The employment of staff on 'hourly-paid' contracts
The University of Bath, along with all other Universities, needs to be very flexible and innovative to deliver quality services to our students. And we need to employ a very varied range of people to deliver those services, ranging from:
- Professional working architects to teach on our Number 1 ranked courses in architecture and civil engineering
- Conference assistants to deliver major international events on campus
- Student ambassadors to support our work with local schools and colleges
The demand for these skills is also very seasonal. During the academic year we are able to offer students a wide range of work experience, from administrative roles to demonstrating laboratory experiments. Outside the academic year, we provide accommodation for conferences and visitors to the city, all of which needs to be managed.

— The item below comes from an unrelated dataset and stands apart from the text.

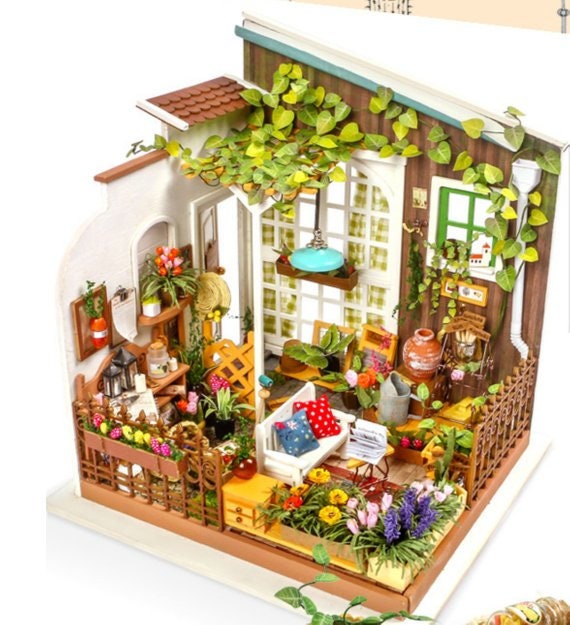 etsy dollshouse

Many of these roles are not well suited to the longer-term contracts which are typical for our employees. The term ‘zero hours contract’ is often used and refers to a type of contract where an individual is usually obliged to be available and to accept the work when it is offered. At the University of Bath we don’t use these. However, we do use the flexibility of short-term, hourly-paid contracts to deliver these services, and in 2015/16, this totalled, averaged across the year, the equivalent of 219 full-time employees. Our existing policies provide for this type of work, and we are constantly looking for ways to improve and update this as peoples’ expectations of work continue to change.
Education and Research roles
The Education and Research job family includes a range of roles including laboratory demonstrators, researchers and teaching staff employed on short-term flexible contracts. In total we employed the equivalent of 58 full-time employees last year, and these are generally very short term contracts, with 70% working for fewer than three months. There have been claims publicised such as “54.8% of academic staff work on insecure contracts”. We calculate that around 5% of our teaching and research workforce are employed on flexible, short-term contracts, which reflects the need for specialist skills, the variable demand, and our desire to offer opportunities to students to learn valuable work skills.
Other roles
The support roles in the University are many and varied, including administration, catering, childcare, fundraising, outreach, retail, sports coaching, tour guides and ushers. With over 15,000 students and 3,000 staff, this is a large organisation run and it requires a varied and flexible workforce to maintain it. In total we employed the equivalent of 159 full-time employees in these roles last year, with 84% working for fewer than three months, reflecting the very seasonal nature of this work. Almost 60% were current students of the University taking the opportunity to get work experience and earn a little extra.